Provides Blood Sugar Control: In diabetic patients, a diet rich in fiber, especially soluble fiber, helps to increase blood sugar in a controlled manner by slowing the absorption of sugar. Foods containing insoluble fiber may also be helpful in preventing the development of type 2 diabetes.

Helps Maintain Ideal Weight: Fibrous foods provide a feeling of satiety more than non-fiber foods and cause the person to feel full for a long time. In this way, the person can fill up more quickly with less portions. In addition, foods high in fiber generally contain fewer calories compared to volume. In this way, when high-fiber foods are consumed, the same portion provides fewer calories than other foods.



What are Fiber Foods?

Fiber is found in many different foods. Thus, you have many options to meet the amount of fiber you need while preparing a meal that suits your taste.

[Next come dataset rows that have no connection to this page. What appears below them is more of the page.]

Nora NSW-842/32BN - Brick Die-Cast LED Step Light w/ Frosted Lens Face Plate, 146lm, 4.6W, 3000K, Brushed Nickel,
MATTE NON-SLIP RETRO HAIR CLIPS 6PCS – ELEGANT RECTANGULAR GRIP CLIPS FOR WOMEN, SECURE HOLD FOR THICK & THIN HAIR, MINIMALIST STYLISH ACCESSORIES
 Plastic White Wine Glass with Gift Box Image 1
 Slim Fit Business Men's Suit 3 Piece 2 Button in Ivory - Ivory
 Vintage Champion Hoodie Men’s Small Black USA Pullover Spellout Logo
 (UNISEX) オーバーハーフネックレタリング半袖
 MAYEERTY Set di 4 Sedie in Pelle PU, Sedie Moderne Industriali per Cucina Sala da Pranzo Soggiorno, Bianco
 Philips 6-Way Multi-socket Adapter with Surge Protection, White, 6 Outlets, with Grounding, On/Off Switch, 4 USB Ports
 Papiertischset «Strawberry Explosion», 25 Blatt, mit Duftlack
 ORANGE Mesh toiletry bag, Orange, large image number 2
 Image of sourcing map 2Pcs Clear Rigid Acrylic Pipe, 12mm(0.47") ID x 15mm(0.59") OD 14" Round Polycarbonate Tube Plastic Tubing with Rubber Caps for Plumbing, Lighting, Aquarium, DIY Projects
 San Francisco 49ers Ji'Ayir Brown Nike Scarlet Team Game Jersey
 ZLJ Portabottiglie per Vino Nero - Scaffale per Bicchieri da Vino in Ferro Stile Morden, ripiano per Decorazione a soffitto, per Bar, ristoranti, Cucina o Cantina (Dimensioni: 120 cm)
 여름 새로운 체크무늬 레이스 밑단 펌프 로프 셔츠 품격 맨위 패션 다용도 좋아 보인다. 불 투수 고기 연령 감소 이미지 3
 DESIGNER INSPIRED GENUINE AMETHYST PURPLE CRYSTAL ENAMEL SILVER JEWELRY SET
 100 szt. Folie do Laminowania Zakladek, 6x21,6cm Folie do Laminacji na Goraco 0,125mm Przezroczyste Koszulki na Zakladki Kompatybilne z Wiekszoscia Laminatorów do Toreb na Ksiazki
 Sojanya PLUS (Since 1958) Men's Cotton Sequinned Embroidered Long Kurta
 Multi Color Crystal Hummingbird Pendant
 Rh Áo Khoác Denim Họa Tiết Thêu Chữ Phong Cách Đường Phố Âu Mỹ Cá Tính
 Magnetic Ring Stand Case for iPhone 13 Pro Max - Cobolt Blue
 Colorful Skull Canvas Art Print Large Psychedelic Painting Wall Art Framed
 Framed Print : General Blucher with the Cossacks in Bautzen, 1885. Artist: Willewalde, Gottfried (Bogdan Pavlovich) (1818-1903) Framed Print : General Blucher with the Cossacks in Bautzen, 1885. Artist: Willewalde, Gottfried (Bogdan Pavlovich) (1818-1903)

The daily amount of fiber needed by the body may vary depending on age and gender. While the daily fiber requirement of women under 50 is 25 grams, that of men is 38 grams. While the fiber need for women over the age of 50 can be met with 21 grams, 30 grams is sufficient for men.

Foods high in fiber:

  • Bread, pasta, and breakfast cereals made from whole grain flour
  • Barley, rye, oats and foods made from them
  • Vegetables such as broccoli, corn, cauliflower, carrots
  • Apple, citrus fruits
  • Legumes such as peas, chickpeas, dried beans
  • Nuts and seeds (such as chia seeds)
  • It can be counted as a thin-skinned potato (when consumed without peeling the skin).
    If we consider the fiber content of foods in grams, 60 grams of broccoli contain approximately 3 grams of fiber, and about 3 grams of fiber in a mid-boot apple. A handful of almonds and sunflower seeds contain 3 grams of fiber, and walnuts 2 grams. 60 grams of dried beans contain 6 grams of fiber, and lentils 5 grams. One slice of whole grain bread has 2 grams of fiber, while a slice of rye bread has 2 grams of fiber.

There are ready-made foods with enriched fiber content for people who have difficulty in meeting the amount of fiber they need with these foods. It is possible to meet the daily need by consuming foods such as yoghurt enriched with fiber, ice cream and snack bars.